Directions: The entries below should be set down again exactly, with every picture left out.

====

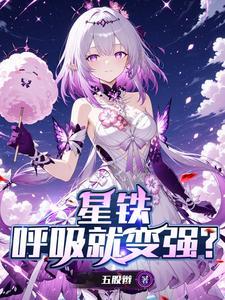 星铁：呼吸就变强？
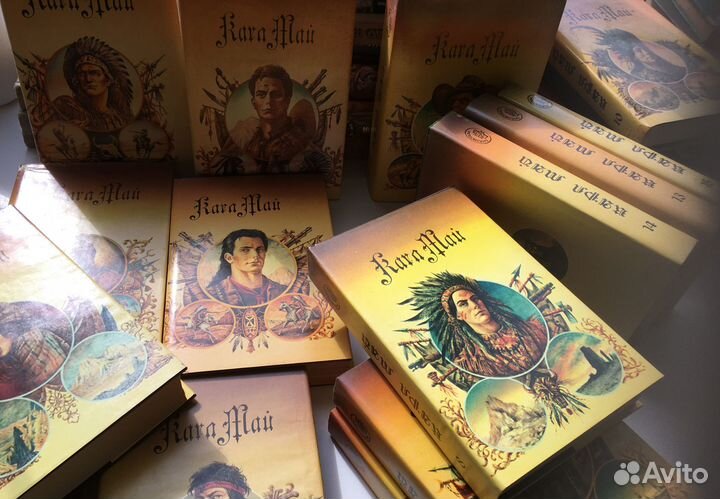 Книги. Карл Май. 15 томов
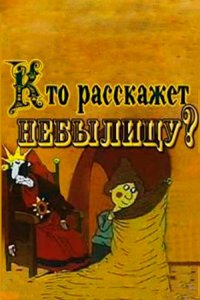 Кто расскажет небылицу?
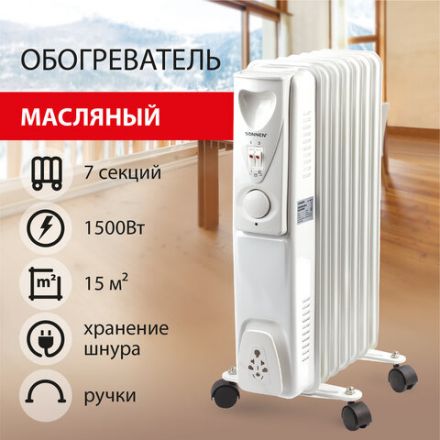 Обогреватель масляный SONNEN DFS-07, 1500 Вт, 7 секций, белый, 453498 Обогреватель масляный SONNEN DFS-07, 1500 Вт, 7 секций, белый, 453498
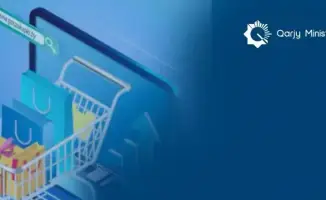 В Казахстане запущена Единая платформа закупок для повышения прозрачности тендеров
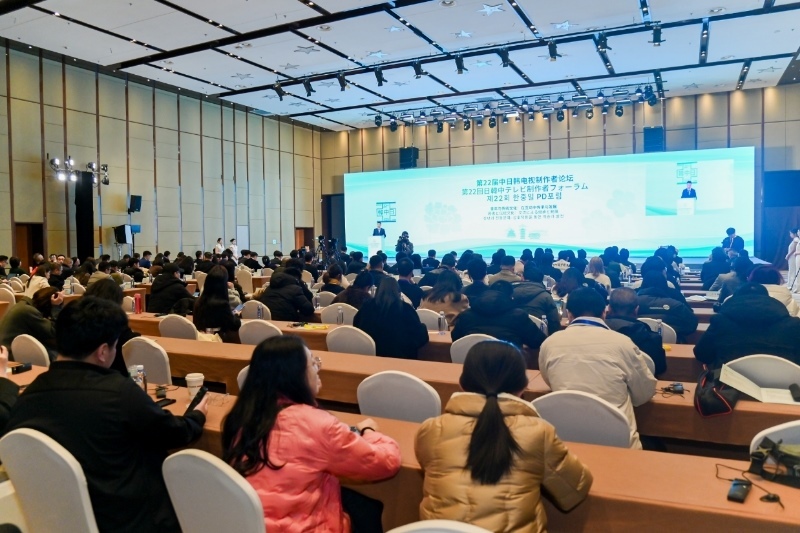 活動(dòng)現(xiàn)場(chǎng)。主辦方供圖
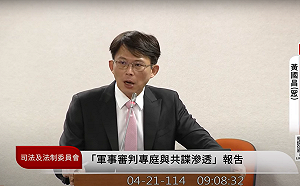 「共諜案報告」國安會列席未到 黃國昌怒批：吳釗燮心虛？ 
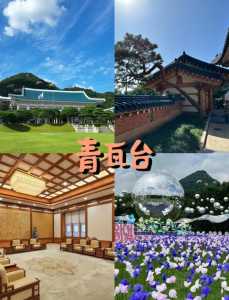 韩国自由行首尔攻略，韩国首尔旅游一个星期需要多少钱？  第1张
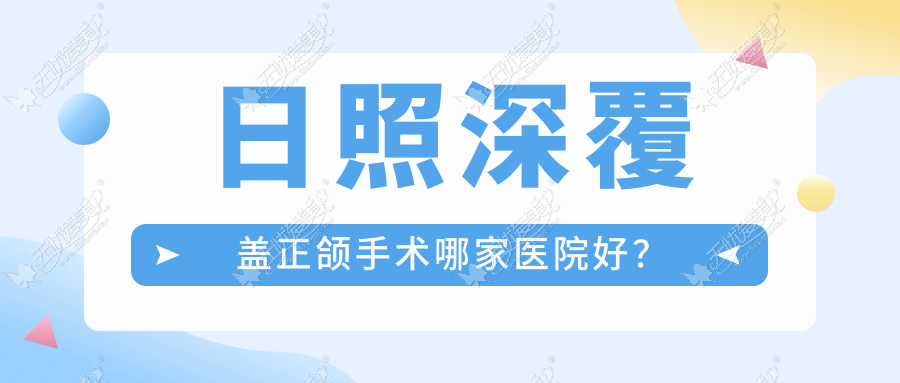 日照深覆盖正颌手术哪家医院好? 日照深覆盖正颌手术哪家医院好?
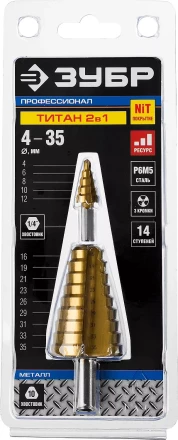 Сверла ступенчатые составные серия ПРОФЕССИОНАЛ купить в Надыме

====

Task response:
 星铁：呼吸就变强？
 Книги. Карл Май. 15 томов
 Кто расскажет небылицу?
 Обогреватель масляный SONNEN DFS-07, 1500 Вт, 7 секций, белый, 453498 Обогреватель масляный SONNEN DFS-07, 1500 Вт, 7 секций, белый, 453498
 В Казахстане запущена Единая платформа закупок для повышения прозрачности тендеров
 活動(dòng)現(xiàn)場(chǎng)。主辦方供圖
 「共諜案報告」國安會列席未到 黃國昌怒批：吳釗燮心虛？ 
 韩国自由行首尔攻略，韩国首尔旅游一个星期需要多少钱？  第1张
 日照深覆盖正颌手术哪家医院好? 日照深覆盖正颌手术哪家医院好?
 Сверла ступенчатые составные серия ПРОФЕССИОНАЛ купить в Надыме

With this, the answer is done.